Eleni became interested in research and haematology while studying for her undergraduate degree where she worked on different types of leukaemia. Eleni enjoys the creativity that research brings and this led her to pursue an academic clinical career. Thankfully the NHS has an integrated and progressive academic clinical pathway which allows clinicians to progress in their clinical careers while doing research part-time.
Eleni began this pathway with two years in Leicester before moving to Brighton three years ago.

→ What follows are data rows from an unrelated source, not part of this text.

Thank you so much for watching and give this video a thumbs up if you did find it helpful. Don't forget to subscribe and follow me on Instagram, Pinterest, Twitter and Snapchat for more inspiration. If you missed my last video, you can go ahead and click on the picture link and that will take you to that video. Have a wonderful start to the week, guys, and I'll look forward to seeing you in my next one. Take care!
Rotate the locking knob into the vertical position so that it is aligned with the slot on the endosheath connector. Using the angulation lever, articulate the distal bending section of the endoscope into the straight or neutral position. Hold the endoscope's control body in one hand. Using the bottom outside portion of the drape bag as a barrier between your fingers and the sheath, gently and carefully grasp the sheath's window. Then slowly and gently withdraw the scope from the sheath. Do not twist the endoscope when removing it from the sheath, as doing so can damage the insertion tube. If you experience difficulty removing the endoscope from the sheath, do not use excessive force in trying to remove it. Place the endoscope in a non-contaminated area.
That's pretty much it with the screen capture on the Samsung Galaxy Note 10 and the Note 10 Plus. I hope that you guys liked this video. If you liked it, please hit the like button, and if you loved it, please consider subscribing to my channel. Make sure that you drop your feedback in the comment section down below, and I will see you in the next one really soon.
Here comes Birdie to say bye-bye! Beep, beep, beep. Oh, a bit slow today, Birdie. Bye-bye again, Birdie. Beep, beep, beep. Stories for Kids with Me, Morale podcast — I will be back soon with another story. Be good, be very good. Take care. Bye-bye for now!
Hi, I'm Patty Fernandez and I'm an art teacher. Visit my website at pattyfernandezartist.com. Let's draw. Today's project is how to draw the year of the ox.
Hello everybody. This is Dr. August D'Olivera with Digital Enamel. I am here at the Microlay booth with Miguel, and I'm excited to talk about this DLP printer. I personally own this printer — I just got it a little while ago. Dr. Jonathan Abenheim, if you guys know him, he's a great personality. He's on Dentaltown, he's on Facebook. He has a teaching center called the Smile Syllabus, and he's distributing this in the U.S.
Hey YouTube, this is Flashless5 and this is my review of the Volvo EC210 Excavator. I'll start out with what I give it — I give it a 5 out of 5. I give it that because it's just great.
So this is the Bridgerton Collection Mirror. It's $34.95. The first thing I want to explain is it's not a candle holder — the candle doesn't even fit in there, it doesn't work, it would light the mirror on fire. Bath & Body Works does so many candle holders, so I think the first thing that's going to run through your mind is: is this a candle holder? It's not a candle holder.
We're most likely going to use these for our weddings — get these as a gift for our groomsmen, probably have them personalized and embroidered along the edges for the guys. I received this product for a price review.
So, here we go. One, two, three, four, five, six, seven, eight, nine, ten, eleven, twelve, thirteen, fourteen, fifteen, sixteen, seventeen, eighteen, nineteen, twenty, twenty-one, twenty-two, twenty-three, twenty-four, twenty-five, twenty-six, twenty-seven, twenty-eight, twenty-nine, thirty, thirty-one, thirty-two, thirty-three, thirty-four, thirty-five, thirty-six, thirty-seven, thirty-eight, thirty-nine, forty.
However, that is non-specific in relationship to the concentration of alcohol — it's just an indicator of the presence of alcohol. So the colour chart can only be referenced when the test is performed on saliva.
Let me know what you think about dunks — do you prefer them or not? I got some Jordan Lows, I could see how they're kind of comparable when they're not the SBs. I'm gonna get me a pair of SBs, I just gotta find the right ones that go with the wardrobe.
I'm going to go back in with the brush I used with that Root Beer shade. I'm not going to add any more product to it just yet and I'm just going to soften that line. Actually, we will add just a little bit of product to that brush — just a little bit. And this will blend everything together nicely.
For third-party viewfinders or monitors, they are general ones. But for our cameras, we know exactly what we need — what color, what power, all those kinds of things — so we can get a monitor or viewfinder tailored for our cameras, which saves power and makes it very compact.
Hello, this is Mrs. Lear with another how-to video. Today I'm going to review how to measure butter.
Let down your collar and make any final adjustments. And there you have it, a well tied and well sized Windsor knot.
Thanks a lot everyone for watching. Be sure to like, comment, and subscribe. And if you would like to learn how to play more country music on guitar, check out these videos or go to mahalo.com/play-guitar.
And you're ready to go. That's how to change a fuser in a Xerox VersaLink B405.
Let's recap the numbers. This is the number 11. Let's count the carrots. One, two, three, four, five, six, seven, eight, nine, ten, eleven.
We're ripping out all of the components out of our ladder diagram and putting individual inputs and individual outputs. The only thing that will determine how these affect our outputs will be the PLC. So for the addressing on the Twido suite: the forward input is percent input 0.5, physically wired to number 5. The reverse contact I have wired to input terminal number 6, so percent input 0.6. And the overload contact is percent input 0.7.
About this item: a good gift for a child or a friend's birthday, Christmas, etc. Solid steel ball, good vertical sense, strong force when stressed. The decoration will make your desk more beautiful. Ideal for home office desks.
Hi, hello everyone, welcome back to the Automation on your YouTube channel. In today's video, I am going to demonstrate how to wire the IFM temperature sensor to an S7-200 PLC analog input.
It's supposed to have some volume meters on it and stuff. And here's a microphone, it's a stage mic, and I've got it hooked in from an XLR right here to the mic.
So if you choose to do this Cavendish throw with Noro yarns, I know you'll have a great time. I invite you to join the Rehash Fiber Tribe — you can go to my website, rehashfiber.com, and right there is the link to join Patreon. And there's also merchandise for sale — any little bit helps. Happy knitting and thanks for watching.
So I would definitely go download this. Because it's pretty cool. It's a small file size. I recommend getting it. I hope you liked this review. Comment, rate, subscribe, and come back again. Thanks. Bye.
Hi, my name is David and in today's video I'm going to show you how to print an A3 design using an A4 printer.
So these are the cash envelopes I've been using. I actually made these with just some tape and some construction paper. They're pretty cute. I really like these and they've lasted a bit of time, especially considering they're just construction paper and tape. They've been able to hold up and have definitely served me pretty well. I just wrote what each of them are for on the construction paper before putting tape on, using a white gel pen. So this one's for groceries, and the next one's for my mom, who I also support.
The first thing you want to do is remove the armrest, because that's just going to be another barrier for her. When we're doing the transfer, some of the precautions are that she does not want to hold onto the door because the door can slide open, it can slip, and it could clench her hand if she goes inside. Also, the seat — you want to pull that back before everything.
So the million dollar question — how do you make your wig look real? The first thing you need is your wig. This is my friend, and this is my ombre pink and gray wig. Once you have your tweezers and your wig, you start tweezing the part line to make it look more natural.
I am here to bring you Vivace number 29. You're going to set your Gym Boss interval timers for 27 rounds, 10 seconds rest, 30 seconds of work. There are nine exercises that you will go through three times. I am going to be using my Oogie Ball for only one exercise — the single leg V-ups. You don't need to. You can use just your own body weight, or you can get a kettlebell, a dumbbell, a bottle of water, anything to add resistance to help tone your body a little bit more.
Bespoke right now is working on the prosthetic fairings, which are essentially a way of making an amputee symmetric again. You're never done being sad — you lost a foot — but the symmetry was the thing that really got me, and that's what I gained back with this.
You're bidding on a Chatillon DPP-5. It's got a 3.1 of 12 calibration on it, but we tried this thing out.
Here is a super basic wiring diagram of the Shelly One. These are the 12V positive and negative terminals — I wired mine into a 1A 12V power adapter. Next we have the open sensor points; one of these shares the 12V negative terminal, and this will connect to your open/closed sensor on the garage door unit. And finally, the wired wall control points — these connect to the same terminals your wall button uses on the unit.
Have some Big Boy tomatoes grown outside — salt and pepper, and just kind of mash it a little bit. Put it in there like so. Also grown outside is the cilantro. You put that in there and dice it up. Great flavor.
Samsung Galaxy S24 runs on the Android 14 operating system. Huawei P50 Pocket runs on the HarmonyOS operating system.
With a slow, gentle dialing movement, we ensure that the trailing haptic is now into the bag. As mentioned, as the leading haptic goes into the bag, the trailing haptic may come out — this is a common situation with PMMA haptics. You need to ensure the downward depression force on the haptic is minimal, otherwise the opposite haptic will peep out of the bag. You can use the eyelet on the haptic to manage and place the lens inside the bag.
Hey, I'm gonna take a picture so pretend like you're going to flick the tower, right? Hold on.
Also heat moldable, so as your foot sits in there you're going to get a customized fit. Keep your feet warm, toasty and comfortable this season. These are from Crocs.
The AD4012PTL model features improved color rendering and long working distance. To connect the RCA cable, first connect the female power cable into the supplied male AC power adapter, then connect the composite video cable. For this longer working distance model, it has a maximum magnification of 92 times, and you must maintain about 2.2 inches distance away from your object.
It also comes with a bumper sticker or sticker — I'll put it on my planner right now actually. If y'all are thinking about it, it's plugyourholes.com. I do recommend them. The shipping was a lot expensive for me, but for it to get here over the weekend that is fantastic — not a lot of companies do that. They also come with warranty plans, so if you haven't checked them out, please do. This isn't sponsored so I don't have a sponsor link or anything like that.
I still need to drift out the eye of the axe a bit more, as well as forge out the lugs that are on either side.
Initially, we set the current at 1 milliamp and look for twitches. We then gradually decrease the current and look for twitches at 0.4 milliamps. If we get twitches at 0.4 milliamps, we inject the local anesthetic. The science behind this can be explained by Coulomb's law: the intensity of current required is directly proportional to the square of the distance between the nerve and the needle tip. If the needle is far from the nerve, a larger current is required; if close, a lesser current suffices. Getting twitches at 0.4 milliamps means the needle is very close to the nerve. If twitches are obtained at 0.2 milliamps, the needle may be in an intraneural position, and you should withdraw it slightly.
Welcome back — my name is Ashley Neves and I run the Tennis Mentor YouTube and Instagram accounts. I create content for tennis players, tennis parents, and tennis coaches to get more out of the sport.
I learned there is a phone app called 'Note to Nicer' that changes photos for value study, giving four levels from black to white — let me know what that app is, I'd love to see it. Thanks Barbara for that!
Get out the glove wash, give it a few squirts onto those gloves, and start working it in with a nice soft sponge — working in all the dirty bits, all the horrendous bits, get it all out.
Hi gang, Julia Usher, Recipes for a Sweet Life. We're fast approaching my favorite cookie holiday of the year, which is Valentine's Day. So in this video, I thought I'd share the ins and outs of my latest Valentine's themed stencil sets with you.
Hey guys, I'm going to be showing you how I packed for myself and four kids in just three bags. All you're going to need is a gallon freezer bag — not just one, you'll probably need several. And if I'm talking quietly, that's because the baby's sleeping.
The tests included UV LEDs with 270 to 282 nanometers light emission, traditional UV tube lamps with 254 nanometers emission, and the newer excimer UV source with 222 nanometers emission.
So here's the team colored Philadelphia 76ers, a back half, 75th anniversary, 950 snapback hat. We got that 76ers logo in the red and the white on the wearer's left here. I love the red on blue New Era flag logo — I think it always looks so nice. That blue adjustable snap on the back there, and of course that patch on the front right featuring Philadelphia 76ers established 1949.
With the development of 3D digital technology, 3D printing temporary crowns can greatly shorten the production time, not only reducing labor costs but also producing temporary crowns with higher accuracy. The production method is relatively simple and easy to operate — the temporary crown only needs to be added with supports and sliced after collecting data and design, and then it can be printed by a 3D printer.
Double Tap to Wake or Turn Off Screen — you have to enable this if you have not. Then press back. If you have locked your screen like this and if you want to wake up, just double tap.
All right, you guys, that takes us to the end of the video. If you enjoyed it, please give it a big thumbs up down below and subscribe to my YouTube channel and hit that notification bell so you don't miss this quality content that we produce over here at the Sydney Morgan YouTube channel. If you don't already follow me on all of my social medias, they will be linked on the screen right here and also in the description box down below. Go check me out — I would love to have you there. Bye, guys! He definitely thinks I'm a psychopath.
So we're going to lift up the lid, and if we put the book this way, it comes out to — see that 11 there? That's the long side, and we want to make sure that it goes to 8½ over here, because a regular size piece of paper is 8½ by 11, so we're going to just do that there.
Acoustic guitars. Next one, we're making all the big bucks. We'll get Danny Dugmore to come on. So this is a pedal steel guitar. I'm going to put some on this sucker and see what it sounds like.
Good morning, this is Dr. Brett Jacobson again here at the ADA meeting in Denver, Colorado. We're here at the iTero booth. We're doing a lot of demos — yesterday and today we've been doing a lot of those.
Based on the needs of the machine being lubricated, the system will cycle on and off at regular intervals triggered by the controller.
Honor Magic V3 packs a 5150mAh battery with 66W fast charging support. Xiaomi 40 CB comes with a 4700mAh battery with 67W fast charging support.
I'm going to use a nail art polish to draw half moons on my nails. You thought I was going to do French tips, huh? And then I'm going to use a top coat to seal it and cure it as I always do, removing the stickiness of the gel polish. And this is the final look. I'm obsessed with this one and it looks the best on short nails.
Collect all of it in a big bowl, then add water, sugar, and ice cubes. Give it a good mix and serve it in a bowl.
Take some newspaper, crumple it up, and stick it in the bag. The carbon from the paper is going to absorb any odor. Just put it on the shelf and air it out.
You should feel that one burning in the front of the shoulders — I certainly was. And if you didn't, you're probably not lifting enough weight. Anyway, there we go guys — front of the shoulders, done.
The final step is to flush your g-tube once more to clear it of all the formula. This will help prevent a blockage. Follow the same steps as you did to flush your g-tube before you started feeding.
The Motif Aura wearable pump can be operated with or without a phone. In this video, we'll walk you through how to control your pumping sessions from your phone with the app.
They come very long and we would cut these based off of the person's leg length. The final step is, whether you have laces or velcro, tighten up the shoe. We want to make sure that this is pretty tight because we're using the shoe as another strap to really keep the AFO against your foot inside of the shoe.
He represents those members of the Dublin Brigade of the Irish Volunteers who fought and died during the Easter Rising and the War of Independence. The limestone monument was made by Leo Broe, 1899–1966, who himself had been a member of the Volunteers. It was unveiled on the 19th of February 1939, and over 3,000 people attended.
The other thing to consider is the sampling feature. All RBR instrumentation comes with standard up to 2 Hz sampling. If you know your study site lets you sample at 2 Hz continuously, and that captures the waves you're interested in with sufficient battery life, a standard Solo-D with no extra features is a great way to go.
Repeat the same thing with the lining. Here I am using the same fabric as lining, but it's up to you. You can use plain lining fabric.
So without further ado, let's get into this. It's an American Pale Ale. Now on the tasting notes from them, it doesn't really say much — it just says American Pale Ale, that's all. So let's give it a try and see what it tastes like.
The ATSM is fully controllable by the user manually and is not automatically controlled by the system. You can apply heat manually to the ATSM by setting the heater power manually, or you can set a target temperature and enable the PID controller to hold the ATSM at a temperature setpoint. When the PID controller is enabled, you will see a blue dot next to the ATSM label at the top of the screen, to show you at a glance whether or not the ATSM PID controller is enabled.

Eleni said “The SCF will allow us to gain a deeper understanding of the leukaemic cell anchorage to the bone marrow, which could revolutionize the treatment of AML as well as other leukaemias/cancers”
“The SCF will enable me to pursue my PhD in a supportive, inspiring environment, where I will learn from the best and get exposed to high-quality translational research”
The Sussex Cancer Fund is delighted to have been able to assist with this potentially life-saving research and wish Eleni the very best of luck. If you would like to help us support more projects like this please donate using the button below.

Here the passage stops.